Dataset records
******************************

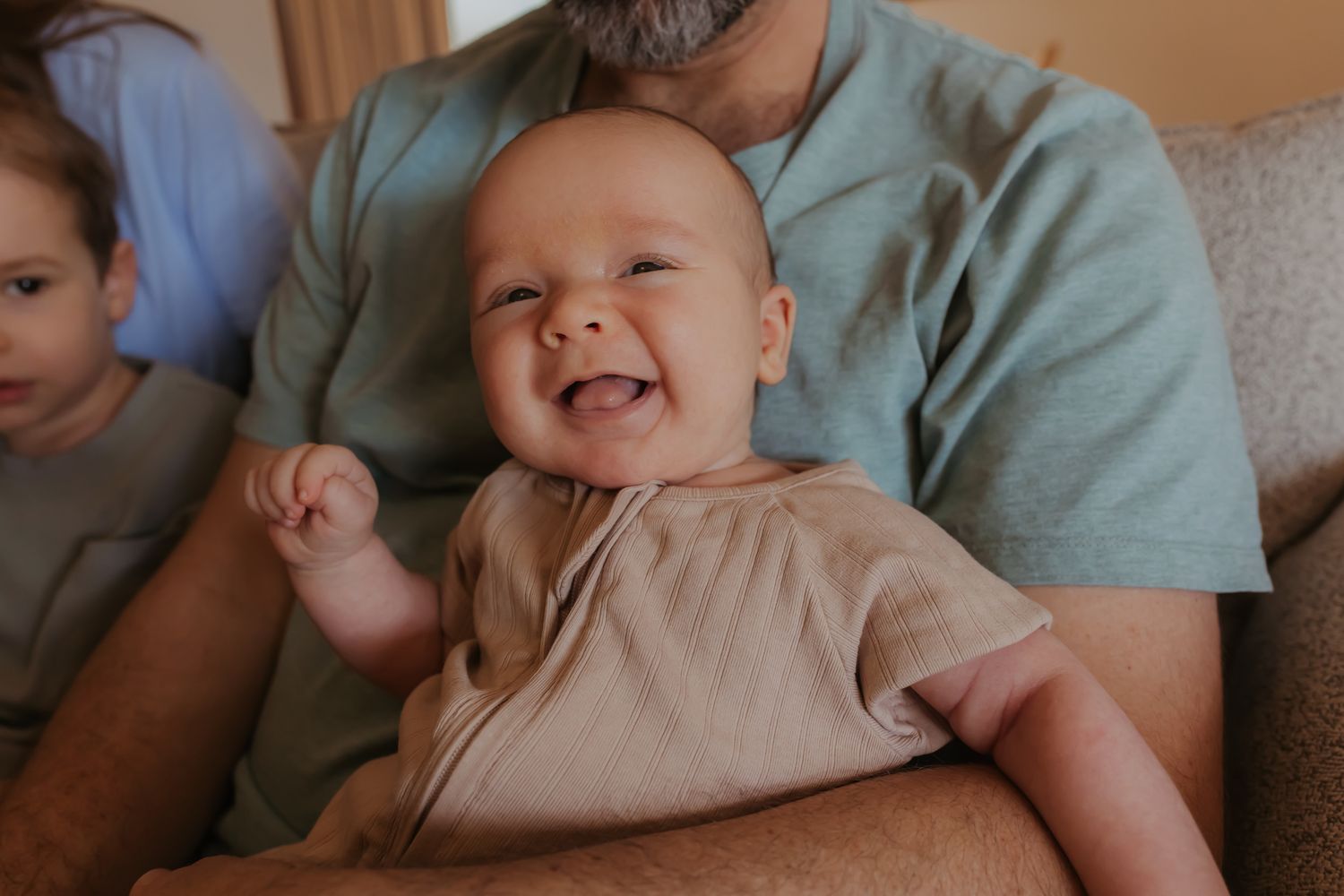 A baby smiles while being held and rocked in someone's arms wearing a mint green shirt.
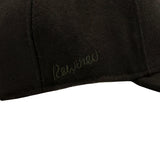 Rewired Wool Essential R Trucker Cap - Black Tonal - Side Script Logo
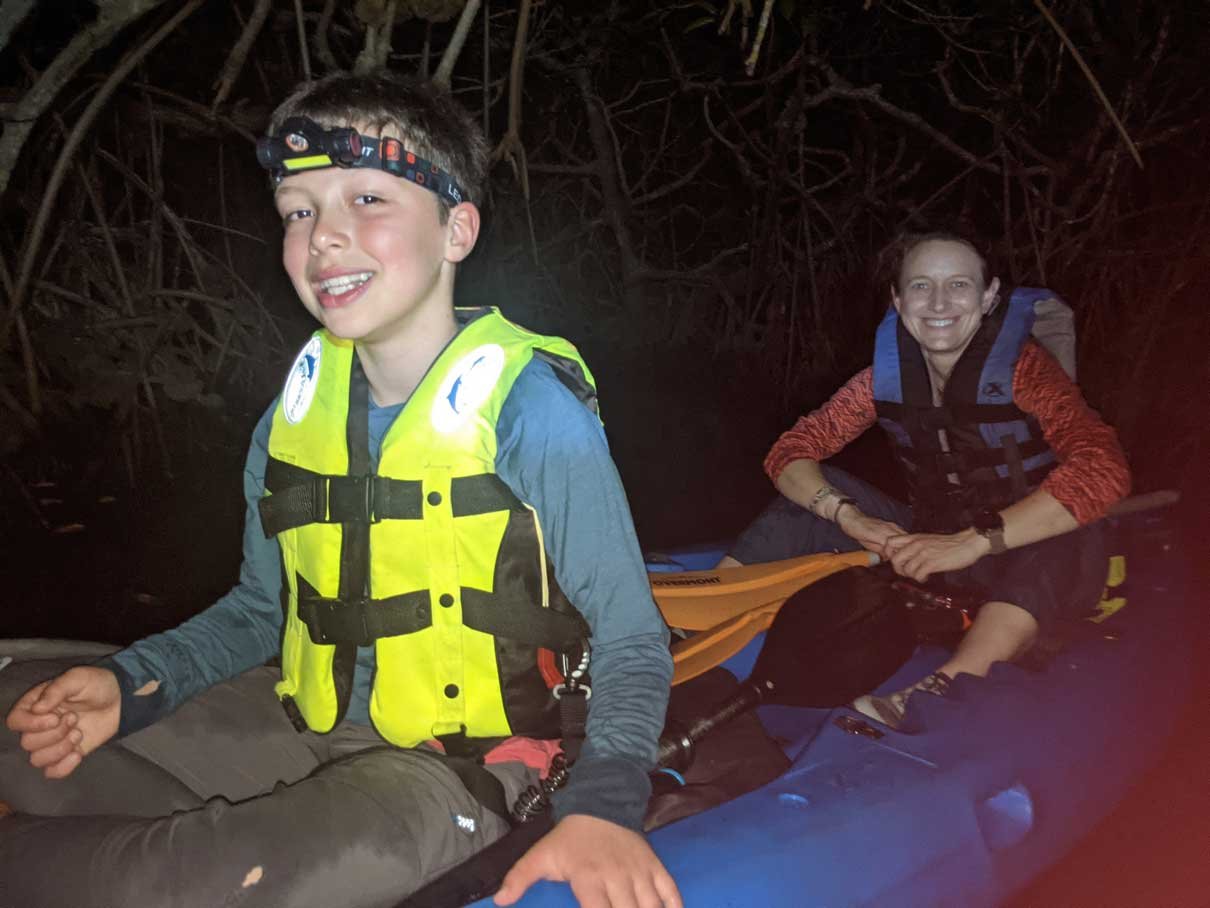 Young guest in a life vest kayaking the lagoon at night, Hopkins, Belize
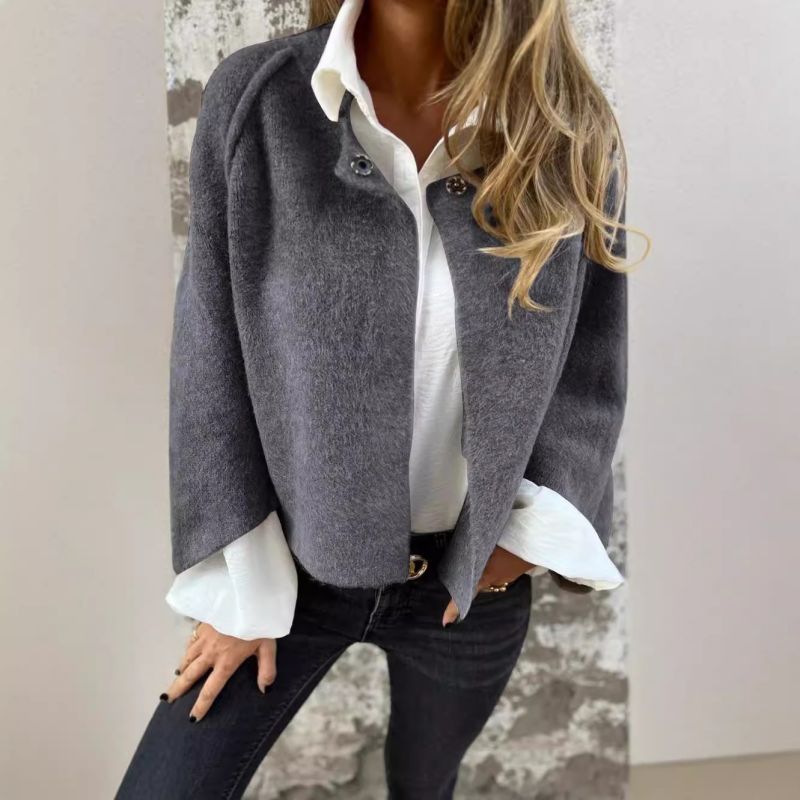 Femme portant une veste grise élégante sur chemise blanche, jeans noir ajusté. Mode automne chic, tenue décontractée tendance, style moderne.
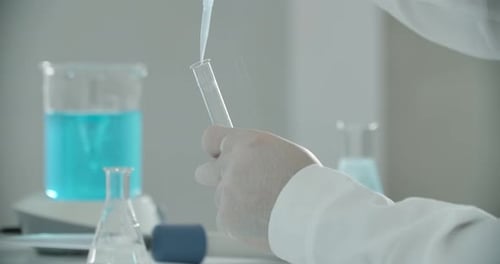 Liquid Being Added to Test Tube in Lab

******************************

### WHAT YOU NEED TO DO
Please output only the lines running from the one that holds "Young guest in" through the last line of the entries, both ends included, without any images.

### RESULT FOR THIS TASK
 Young guest in a life vest kayaking the lagoon at night, Hopkins, Belize
 Femme portant une veste grise élégante sur chemise blanche, jeans noir ajusté. Mode automne chic, tenue décontractée tendance, style moderne.
 Liquid Being Added to Test Tube in Lab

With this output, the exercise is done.